The first line of the entries below, the line containing "Egyptian cotton sheets, premium", and every line between them should be repeated exactly, and nothing else.

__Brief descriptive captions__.

════════════════════

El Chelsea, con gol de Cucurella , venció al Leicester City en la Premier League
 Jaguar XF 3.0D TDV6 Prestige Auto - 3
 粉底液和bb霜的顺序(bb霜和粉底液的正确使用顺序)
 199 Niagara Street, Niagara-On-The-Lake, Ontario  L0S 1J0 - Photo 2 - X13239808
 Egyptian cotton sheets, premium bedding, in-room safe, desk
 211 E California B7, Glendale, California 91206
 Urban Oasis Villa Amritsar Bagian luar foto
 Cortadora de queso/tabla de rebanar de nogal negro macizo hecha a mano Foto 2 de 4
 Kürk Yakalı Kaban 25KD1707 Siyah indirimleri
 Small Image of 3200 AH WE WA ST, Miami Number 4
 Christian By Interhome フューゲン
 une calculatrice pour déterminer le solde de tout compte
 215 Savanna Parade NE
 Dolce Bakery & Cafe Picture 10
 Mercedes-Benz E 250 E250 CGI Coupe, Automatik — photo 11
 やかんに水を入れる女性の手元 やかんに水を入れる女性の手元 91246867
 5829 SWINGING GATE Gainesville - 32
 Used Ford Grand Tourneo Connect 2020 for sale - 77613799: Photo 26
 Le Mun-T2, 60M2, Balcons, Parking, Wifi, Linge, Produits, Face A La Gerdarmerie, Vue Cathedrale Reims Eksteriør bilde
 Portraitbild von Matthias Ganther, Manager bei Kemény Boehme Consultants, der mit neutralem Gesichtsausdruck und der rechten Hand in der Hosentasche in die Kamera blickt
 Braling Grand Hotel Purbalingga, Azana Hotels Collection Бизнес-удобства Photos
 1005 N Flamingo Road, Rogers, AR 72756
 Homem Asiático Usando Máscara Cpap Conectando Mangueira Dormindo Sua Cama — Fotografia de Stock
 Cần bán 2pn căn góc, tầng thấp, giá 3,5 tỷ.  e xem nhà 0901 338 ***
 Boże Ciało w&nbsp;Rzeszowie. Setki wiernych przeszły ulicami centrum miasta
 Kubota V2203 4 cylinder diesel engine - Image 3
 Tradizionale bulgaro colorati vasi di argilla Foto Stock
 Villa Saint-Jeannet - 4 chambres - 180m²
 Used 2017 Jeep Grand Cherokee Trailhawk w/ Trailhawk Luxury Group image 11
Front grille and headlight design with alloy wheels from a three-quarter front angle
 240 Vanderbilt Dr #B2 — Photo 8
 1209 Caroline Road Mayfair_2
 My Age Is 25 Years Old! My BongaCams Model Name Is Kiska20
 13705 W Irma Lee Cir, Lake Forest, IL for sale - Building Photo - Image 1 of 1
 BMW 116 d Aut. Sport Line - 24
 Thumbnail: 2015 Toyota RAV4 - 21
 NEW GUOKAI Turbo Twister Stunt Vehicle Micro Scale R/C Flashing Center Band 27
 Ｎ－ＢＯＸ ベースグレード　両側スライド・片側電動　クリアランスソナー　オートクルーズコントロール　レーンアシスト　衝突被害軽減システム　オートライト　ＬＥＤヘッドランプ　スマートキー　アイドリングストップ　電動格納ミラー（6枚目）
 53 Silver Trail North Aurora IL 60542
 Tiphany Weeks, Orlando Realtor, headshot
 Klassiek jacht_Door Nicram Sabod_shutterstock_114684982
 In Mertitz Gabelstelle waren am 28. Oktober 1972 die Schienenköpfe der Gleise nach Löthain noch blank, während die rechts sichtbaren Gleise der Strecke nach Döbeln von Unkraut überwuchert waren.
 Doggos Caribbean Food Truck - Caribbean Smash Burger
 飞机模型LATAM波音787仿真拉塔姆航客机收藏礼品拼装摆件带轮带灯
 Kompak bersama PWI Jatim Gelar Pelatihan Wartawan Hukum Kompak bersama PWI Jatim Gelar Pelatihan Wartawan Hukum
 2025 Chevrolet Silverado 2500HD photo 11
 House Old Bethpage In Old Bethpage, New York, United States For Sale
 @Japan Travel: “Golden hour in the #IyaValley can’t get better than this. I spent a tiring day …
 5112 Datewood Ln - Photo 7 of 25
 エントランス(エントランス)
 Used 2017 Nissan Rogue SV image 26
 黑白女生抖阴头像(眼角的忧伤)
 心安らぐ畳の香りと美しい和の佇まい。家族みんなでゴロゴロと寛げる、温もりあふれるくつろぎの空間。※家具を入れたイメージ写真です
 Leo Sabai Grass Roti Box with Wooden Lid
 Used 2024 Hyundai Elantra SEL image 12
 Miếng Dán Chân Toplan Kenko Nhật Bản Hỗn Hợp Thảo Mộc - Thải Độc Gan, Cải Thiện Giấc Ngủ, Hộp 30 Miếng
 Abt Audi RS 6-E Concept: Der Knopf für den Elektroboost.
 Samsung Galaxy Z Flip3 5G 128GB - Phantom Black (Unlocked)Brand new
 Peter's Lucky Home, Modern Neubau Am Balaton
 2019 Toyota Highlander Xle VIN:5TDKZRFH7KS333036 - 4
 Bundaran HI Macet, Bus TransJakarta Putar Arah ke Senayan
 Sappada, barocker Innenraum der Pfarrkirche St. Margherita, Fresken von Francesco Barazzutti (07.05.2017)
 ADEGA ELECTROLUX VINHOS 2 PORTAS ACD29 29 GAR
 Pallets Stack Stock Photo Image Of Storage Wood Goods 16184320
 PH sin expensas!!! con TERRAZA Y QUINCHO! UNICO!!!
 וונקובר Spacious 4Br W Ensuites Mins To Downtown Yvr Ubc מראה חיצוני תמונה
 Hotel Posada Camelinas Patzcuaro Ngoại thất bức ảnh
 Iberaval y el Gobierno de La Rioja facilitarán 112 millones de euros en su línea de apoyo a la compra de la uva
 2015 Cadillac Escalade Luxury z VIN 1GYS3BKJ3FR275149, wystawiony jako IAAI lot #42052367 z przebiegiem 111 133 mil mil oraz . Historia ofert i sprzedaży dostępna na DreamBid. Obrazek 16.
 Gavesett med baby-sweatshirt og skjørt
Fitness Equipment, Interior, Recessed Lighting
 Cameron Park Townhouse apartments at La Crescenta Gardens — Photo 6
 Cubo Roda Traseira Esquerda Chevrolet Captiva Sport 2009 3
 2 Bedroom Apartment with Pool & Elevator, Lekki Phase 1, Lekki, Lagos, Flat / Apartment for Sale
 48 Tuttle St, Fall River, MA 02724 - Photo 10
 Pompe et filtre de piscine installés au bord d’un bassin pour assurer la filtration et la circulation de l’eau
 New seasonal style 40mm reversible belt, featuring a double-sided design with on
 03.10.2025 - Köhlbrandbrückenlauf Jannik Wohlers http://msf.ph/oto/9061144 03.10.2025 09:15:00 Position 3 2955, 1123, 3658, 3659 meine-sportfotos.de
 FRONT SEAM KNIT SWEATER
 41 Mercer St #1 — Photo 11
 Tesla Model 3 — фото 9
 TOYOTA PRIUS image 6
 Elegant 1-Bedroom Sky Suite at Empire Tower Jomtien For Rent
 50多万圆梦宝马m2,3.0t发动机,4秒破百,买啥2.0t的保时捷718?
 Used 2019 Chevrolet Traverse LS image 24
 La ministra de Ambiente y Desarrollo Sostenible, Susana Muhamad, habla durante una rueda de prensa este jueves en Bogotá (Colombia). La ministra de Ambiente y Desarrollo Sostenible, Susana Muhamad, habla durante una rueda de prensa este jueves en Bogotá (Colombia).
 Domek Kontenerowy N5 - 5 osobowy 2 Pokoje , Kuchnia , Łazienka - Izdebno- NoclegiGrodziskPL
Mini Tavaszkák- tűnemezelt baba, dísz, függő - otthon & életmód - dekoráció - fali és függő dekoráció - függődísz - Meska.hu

════════════════════

__REPLY__.
El Chelsea, con gol de Cucurella , venció al Leicester City en la Premier League
 Jaguar XF 3.0D TDV6 Prestige Auto - 3
 粉底液和bb霜的顺序(bb霜和粉底液的正确使用顺序)
 199 Niagara Street, Niagara-On-The-Lake, Ontario  L0S 1J0 - Photo 2 - X13239808
 Egyptian cotton sheets, premium bedding, in-room safe, desk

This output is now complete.